- Native name: Аккаржанка (Ukrainian)

Location
- Country: Ukraine
- Oblast: Odesa

Physical characteristics
- • location: near the village of Berezan
- • location: Sukhyi Estuary
- • coordinates: approx. 46°20′N 30°38′E﻿ / ﻿46.333°N 30.633°E
- Length: 39 km (24 mi)
- Basin size: 160 km^{2} (62 sq mi)

= Akkarzhanka =

Akkarzhanka (Аккаржанка) is a small steppe river in Odesa Raion of Odesa Oblast, Ukraine. The river has origin near the village of Berezan, inflows to the Sukhyi Estuary in its north-western part, near the urban-type settlement of Velykodolynske.

The length of the river 39 km, the watershed area is 160 km2. It is fed mainly by rain and meltwater, with some minor contributions from underground runoff.

== Species ==
Using kick-nets and sampling a fish pond and the Oleksandrivka Reservoir in the river in 2018, a study found several specimens of the Macrobrachium nipponense (Oriental river prawn), which is an invasive species, within the river with estimated densities of up to 15 individuals per square meter.
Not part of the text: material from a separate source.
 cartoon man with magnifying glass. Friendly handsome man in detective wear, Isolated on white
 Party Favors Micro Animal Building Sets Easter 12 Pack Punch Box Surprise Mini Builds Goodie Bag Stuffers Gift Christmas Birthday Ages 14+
Young individuals were consistently present, indicating reproduction in the river.

== Status ==
Reports from a commission in 2023 reported ongoing drying out and siltation of the river, and that there needed to be an attempt to clear the sources that feed the river. Authorities from the rural settlement of Velykodolynske agreed to develop a project for cleaning the river, increasing control over compliance with environmental protection zones, and removing illegal structures that block access to the river in order to remedy the situation.